Au Mali, après le deuxième coup d’Etat militaire en l’espace de neuf mois, l’Union africaine (UA) a décidé le 1er juin de suspendre le pays.

L’UA exhorte les militaires maliens à « urgemment et inconditionnellement retourner dans leurs casernes et à s’abstenir de toute interférence future dans le processus politique ». C’est ainsi que fermement l’UA réagit au dernier coup d’État survenu au Mali il y a quelques semaines.

Le Conseil de paix et de sécurité de l’UA a ainsi annoncé qu’elle « décide (…) de suspendre immédiatement la République du Mali de sa participation à toutes les activités de l’Union africaine, ses organes et ses institutions, jusqu’à ce qu’un ordre constitutionnel normal soit rétabli dans le pays », a déclaré dans un communiqué le Conseil de paix et de sécurité de l’organisation.

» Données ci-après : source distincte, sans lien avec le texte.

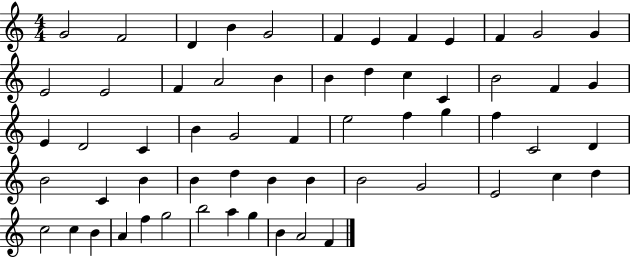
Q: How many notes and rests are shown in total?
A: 60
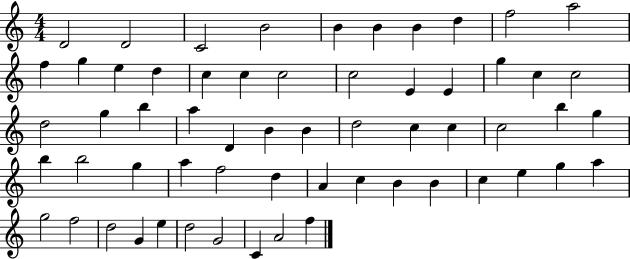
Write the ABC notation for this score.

X:1
T:Untitled
M:4/4
L:1/4
K:C
D2 D2 C2 B2 B B B d f2 a2 f g e d c c c2 c2 E E g c c2 d2 g b a D B B d2 c c c2 b g b b2 g a f2 d A c B B c e g a g2 f2 d2 G e d2 G2 C A2 f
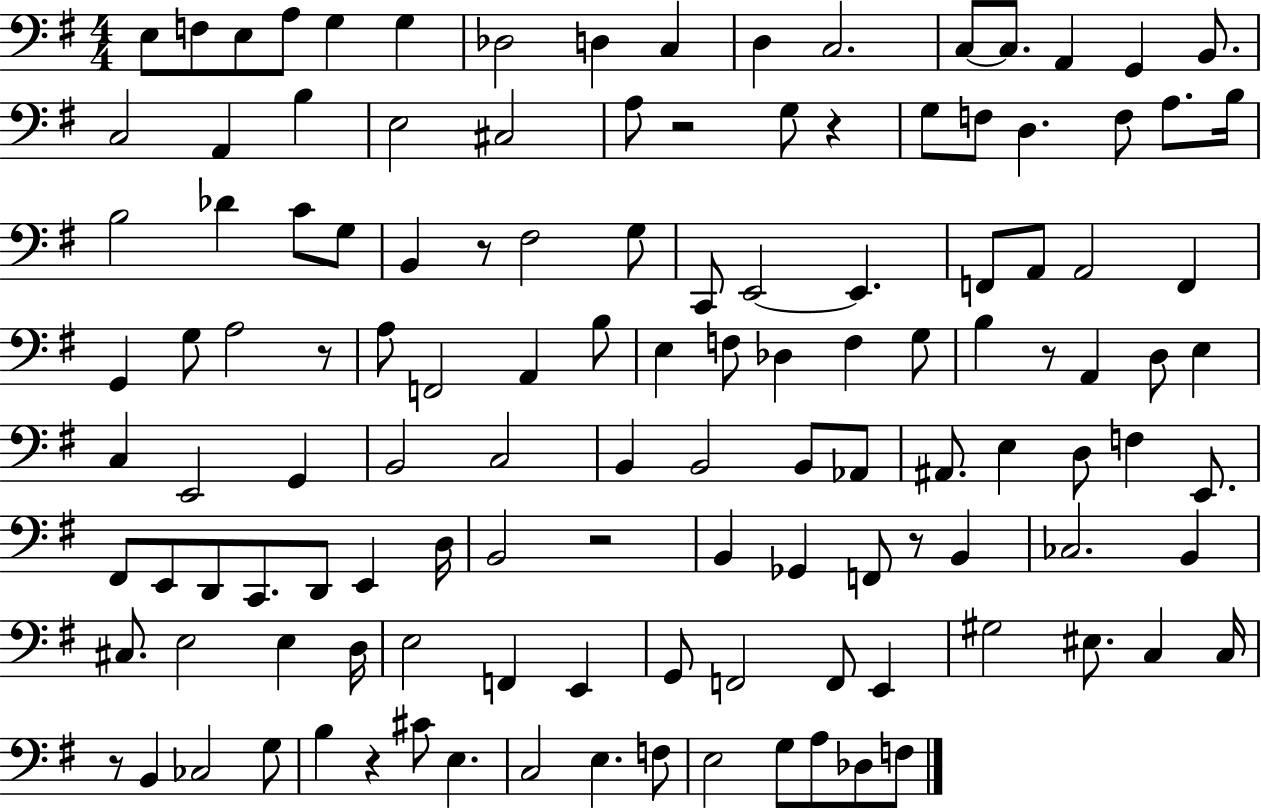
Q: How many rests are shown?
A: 9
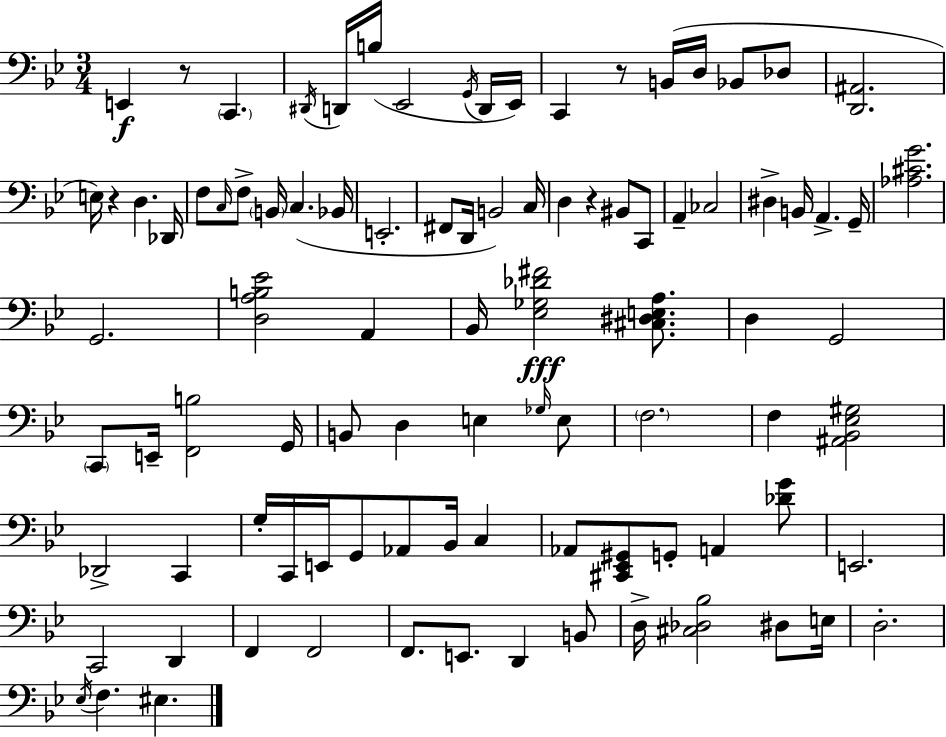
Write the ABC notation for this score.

Le texte de la déclaration se veut précis et incitatif. L’UA demande que les conditions pour le retour à une transition démocratique soient établies « sans entrave, d’autres mesures punitives » contre ceux qui empêchent la transition. Le Mali a connu deux coups d’État en neuf mois. Le 18 août 2020, le président Ibrahim Boubacar Keïta, dit « IBK », accusé de corruption et d’impuissance face à l’insécurité, est destitué après un putsch.

L’UA avait alors déjà suspendu le Mali. La décision fut levée en octobre, après négociations avec la junte. Celle-ci s’était engagée sur les modalités de transition vers un pouvoir civil à horizon dix-huit mois. En avril 2021, les autorités de transition avaient fixé les dates des élections présidentielle et législatives. Les Maliens devaient être appelé aux urnes en février et mars 2022

Le récent coup d’État en date du 24 mai, met en lumière le mécontentement des militaires. Ceux-ci remettent en cause la recomposition récente du gouvernement.  Le 28 mai la Cour constitutionnelle malienne a déclaré que le chef de l’État et président de transition est le colonel Assimi Goïta. Assimi Goïta est la personnalité de cette période troublée au Mali. Il a d’ores et déjà annoncé que les élections initialement prévues en février et mars, se dérouleraient bien en 2022.

De son côté l’UA annonce l’organisation prochaine d’une mission d’évaluation au Mali. La Communauté économique des États de l’Afrique de l’ouest (Cédéao), a fait savoir qu’elle suspend le Mali de l’institution.